FAFO 9: Atoms and Sets and Tuples, Oh My!

FAFO on GitHub

Some random reading, and the messing about that I’ve done in the FAFO series, leads me to want to explore Extended Set Theory in Python. I do not expect it to be useful but it might be interesting.

XST

Extended Set Theory (XST) is a mathematical reformulation of set theory, created by David L Childs, then at the University of Michigan. Dave and people he has influenced, including YT¹, believe, or did believe, that XST should be very useful for large databases, because its solid formal basis allows it to represent and deal with very complex data structures. So, for example, rather than have an SQL relation, all mathematically nice, backed up by a complex b-tree indexing structure, with no formal basis, or at best a different formal basis than the relation, we might have, using XST, a common formalism throughout.

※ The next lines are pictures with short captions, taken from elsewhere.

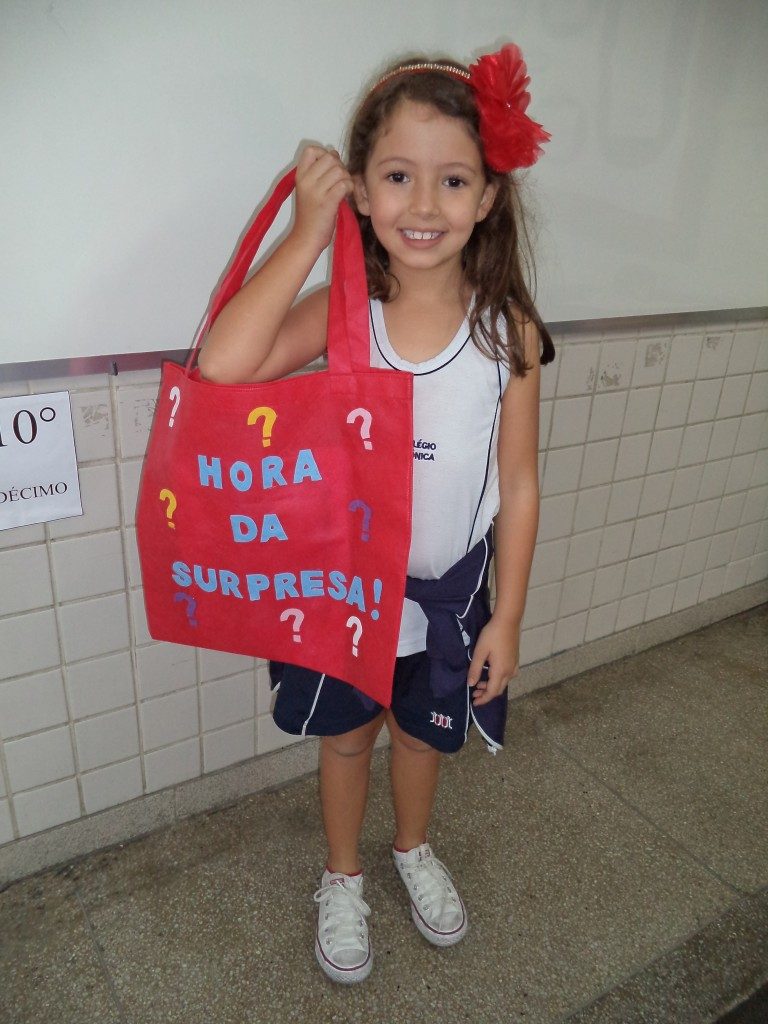 COLÉGIO SANTA MÔNICA – HORA DA SURPRESA – 1º AM – UNIDADE BONSUCESSO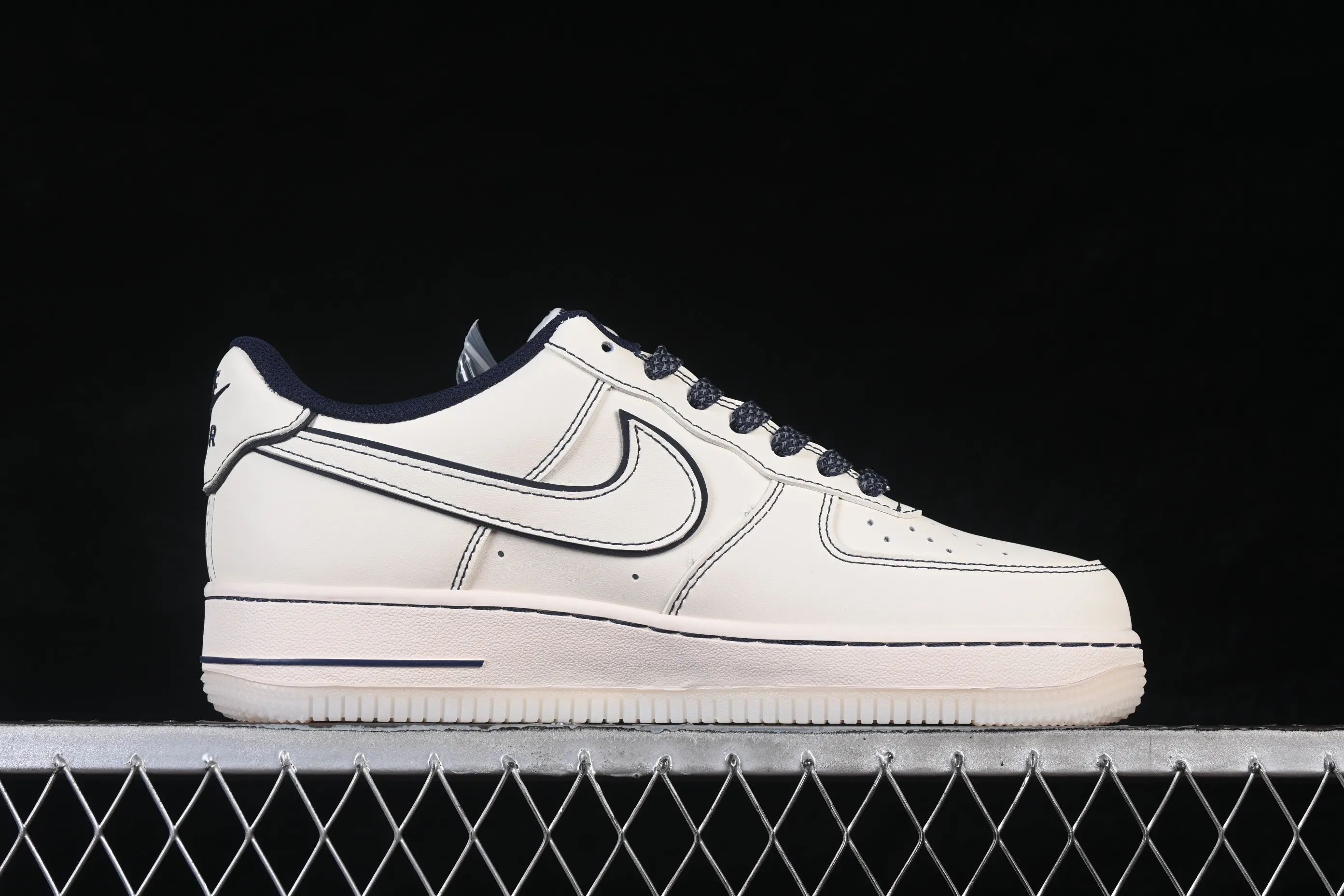 All Categories Nk Air Force 1 Air Force Series Nk Air Force 1 Low Air Force Low Nike Air Force 1'07 Low Bugs Bunny Dark Blue Air Force One Low Casual Shoes SM6668-131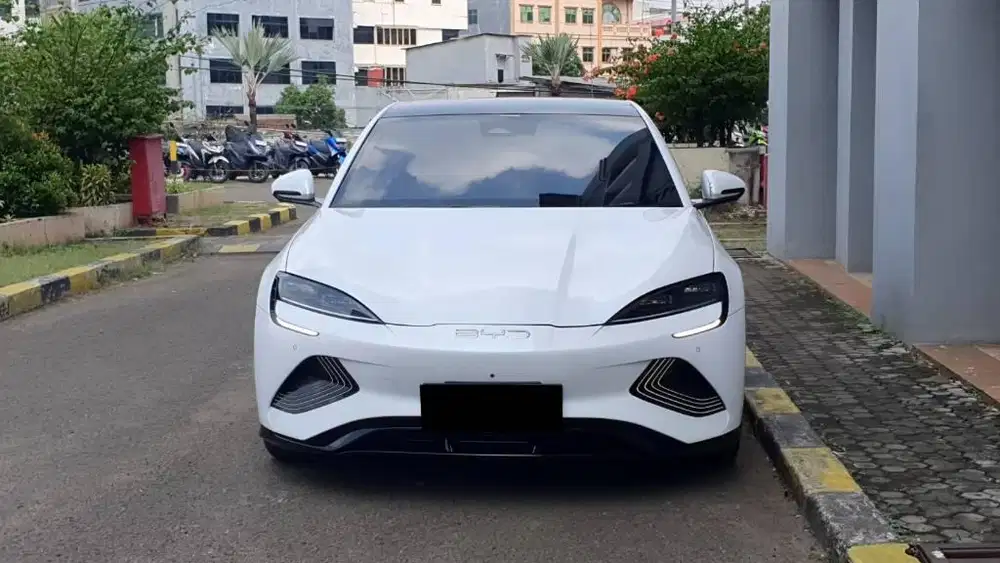 Low Km.6rb BYD Seal Performance 3.8s AWD Fullspec AT Aurora white 2024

Many have tried to build database systems using XST. Some have succeeded somewhat. None have thrived, and as far as I know there is no commercial XST-based system extant in the world. Nonetheless, I’ve found the idea to be fascinating and occasionally play with the ideas a bit on my own. I have already driven a real XST effort almost entirely into the ground, although after my unfortunate demise, the team actually made it work. The company, however, elected not to take it to market. Ah well.

Let me say just a few more words about XST here, and of course more will come up as we go forward. In mathematical set theory, one quickly wants an ordered (not sorted) set, such as a set of x,y coordinates. So you invent the ordered pair <x, y>, and it’s all good, unless you are a mathematician, in which case you want to define the ordered pair in terms of set theory. The most common definition is:

<a, b> == {a, {a, b}}

Using this definition, from Kuratowski, it is possible to include ordered n-tuples as part of axiomatic set theory, and mathematicians are generally happy with this, mostly because they’re interested in the properties of sets, not doing anything useful with them. But if you’re interested in manipulating sets as the underlying formalism for a database kind of system, this definition is, well, weird.

Imagine that you have two perfectly reasonable sets, {x} and { {x,y} } and you take their union. You get {x,{x, y}}, and that is the ordered pair <x,y>! But had you done the union of {x} and { { z,y} }, you would not get an ordered pair! That’s just too weird to be tolerated.

So Dave Childs devised a whole new set of basic axioms for set theory, one which includes a solid definition of an ordered n-tuple, but which doesn’t act quite so weirdly.

As we’ll see, in XST a set’s elements have a “scope”, which Dave writes as an exponent, and the ordered triple <x,y,z> is the set {x¹, y², z³}.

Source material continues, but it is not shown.